*Task item*
Write out, word for word, only the data from its first line to the line containing "Skeleton wooden gazebo in the park".

*Listed records*

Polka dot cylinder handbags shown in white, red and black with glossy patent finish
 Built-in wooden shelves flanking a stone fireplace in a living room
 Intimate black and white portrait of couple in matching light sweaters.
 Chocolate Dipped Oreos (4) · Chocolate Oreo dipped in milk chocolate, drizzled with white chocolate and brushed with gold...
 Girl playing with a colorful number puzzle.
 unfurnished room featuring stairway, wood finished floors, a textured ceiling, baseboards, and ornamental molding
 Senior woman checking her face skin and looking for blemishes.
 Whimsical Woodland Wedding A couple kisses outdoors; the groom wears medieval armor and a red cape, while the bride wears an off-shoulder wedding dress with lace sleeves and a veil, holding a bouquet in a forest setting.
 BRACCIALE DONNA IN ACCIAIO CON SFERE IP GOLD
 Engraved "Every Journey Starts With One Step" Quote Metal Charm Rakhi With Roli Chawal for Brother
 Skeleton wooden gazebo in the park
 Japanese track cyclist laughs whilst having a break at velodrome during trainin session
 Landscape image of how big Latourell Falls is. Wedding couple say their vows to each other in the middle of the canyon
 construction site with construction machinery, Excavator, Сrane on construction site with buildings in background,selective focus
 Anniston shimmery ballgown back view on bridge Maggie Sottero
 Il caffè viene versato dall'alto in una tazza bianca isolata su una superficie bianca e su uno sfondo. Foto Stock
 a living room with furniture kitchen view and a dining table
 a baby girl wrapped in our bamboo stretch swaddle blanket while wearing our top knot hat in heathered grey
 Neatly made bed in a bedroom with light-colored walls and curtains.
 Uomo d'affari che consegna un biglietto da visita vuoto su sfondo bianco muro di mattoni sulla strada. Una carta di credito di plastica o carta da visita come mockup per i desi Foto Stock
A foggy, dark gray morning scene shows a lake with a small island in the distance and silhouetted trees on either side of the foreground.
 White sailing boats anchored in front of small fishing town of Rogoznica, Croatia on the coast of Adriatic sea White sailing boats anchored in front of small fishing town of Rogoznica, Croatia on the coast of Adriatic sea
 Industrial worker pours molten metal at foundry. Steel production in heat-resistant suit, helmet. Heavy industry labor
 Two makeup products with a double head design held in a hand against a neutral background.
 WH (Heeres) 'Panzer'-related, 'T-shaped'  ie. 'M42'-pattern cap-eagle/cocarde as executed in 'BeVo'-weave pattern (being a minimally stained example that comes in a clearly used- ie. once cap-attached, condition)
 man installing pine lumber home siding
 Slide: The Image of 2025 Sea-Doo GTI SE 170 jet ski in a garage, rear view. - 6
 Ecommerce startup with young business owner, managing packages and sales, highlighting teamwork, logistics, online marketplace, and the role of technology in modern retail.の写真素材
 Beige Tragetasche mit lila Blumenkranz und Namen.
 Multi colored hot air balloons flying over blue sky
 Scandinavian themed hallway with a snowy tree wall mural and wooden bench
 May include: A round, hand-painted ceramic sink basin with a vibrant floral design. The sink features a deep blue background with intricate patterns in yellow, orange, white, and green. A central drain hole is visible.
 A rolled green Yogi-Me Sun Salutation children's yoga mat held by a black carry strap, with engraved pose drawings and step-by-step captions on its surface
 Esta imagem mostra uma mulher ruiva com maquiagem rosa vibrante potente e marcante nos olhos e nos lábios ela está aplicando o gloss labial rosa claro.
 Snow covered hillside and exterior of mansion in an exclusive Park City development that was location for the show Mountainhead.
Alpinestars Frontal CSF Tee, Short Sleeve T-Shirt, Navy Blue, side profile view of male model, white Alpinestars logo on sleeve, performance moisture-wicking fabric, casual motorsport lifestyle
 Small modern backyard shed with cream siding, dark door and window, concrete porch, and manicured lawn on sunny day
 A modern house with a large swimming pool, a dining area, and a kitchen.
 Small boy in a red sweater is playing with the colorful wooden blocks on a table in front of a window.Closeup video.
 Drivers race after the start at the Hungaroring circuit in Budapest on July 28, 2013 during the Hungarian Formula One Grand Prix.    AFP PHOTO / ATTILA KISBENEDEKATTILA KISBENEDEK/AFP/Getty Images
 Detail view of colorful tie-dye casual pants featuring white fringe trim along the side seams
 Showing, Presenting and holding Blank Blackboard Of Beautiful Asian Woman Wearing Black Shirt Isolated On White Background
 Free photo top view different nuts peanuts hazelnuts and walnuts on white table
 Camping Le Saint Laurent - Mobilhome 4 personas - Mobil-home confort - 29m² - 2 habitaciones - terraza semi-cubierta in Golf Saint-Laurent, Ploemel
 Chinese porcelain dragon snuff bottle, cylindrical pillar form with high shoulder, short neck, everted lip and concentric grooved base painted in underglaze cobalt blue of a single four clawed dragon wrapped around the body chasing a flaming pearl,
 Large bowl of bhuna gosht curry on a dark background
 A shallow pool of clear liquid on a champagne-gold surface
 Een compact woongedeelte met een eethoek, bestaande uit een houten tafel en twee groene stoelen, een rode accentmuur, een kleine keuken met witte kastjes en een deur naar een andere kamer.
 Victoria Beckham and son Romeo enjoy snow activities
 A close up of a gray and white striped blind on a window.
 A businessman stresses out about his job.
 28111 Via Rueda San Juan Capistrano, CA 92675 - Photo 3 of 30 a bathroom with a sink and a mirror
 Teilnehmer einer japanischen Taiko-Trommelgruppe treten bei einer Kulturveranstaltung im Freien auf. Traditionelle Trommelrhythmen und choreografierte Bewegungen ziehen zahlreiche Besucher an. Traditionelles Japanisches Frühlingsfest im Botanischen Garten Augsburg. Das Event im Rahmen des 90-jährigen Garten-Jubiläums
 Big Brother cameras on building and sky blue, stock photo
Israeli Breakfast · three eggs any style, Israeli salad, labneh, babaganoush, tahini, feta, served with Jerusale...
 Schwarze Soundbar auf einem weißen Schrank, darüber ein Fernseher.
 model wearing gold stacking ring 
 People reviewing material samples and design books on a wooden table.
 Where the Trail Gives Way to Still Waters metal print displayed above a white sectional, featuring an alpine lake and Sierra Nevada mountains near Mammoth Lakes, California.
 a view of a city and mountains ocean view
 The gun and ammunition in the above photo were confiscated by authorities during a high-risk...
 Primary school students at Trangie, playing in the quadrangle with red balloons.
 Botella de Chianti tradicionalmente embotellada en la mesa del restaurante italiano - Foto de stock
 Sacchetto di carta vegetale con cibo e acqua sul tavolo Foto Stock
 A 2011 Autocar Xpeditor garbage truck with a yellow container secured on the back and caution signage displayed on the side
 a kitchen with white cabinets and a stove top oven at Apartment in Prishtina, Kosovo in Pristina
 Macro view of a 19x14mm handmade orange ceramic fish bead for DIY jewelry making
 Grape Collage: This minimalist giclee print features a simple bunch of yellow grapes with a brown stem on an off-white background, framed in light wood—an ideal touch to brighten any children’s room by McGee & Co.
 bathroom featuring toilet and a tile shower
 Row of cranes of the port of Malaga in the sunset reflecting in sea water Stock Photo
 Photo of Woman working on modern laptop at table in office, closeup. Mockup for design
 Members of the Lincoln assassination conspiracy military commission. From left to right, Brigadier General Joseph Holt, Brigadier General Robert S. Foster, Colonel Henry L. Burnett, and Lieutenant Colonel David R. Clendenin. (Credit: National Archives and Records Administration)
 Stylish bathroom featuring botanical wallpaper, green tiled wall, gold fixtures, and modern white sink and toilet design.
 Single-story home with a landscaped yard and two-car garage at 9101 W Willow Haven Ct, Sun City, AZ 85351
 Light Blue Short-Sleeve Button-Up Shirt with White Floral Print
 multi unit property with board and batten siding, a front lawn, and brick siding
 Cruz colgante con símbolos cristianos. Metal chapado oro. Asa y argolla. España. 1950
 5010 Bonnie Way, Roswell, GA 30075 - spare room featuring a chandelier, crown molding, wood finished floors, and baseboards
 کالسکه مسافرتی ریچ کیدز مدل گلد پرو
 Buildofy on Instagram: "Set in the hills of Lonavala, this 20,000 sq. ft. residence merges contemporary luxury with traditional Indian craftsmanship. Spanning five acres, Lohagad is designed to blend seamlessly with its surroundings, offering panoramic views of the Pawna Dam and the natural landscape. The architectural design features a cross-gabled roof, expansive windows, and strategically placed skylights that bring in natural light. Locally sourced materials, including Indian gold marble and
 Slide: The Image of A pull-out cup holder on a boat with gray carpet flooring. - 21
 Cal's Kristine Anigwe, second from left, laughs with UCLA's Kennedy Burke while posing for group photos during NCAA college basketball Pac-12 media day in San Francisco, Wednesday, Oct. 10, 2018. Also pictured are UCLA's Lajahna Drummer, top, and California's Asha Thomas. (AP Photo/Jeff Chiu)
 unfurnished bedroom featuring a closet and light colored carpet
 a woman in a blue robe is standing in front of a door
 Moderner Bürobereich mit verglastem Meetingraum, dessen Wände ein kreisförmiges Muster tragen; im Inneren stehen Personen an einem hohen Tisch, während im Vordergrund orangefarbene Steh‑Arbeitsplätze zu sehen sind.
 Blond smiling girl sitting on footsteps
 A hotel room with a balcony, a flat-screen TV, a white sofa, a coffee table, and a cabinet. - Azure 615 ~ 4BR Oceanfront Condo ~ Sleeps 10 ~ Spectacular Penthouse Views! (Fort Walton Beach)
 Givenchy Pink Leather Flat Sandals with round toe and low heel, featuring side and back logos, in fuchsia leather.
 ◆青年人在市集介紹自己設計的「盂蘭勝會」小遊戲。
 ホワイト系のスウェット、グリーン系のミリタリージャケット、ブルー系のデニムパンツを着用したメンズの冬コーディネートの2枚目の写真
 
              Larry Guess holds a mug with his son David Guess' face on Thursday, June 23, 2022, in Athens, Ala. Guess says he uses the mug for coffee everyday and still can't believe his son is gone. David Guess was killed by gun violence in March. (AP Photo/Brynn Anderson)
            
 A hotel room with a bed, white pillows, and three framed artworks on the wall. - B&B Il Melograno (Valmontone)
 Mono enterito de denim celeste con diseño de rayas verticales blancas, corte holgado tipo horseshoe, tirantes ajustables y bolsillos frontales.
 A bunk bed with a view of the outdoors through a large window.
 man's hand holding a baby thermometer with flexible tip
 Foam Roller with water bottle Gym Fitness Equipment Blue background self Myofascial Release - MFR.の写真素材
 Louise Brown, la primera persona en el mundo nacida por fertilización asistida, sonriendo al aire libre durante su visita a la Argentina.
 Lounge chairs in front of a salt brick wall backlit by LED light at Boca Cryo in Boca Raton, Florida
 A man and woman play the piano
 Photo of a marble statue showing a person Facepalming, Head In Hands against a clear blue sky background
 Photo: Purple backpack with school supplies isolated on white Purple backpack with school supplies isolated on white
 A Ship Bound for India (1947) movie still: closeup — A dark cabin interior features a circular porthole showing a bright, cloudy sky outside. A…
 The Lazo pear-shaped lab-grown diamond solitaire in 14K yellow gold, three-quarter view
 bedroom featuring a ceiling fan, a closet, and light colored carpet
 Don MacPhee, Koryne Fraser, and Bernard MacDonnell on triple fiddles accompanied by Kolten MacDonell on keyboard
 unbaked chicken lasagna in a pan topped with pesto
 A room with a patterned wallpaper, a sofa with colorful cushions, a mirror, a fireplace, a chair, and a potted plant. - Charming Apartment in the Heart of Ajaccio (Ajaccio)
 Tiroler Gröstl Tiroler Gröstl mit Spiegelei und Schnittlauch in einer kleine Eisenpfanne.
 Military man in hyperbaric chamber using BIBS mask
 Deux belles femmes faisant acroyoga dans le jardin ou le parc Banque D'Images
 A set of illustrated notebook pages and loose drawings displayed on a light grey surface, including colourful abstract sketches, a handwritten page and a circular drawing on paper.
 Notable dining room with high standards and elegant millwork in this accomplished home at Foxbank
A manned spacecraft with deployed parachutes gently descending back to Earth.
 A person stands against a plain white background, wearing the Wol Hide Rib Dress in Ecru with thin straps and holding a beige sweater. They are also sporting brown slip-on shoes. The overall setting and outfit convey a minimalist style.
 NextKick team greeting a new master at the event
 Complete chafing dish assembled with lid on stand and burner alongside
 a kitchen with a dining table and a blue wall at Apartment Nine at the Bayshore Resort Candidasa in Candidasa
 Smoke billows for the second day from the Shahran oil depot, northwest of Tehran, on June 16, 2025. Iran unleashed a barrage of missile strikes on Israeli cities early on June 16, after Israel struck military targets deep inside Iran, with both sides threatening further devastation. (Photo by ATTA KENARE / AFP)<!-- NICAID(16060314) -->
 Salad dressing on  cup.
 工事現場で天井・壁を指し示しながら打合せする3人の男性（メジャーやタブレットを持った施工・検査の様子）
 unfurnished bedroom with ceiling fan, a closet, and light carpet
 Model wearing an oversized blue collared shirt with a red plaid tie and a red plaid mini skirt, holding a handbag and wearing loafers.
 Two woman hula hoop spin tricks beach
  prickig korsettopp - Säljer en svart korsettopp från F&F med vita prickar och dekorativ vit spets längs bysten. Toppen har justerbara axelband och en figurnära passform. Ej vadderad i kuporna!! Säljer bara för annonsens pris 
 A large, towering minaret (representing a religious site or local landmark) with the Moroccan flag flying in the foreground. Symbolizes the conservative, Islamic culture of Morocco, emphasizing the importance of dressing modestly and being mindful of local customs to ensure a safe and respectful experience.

*Problem solution*
Polka dot cylinder handbags shown in white, red and black with glossy patent finish
 Built-in wooden shelves flanking a stone fireplace in a living room
 Intimate black and white portrait of couple in matching light sweaters.
 Chocolate Dipped Oreos (4) · Chocolate Oreo dipped in milk chocolate, drizzled with white chocolate and brushed with gold...
 Girl playing with a colorful number puzzle.
 unfurnished room featuring stairway, wood finished floors, a textured ceiling, baseboards, and ornamental molding
 Senior woman checking her face skin and looking for blemishes.
 Whimsical Woodland Wedding A couple kisses outdoors; the groom wears medieval armor and a red cape, while the bride wears an off-shoulder wedding dress with lace sleeves and a veil, holding a bouquet in a forest setting.
 BRACCIALE DONNA IN ACCIAIO CON SFERE IP GOLD
 Engraved "Every Journey Starts With One Step" Quote Metal Charm Rakhi With Roli Chawal for Brother
 Skeleton wooden gazebo in the park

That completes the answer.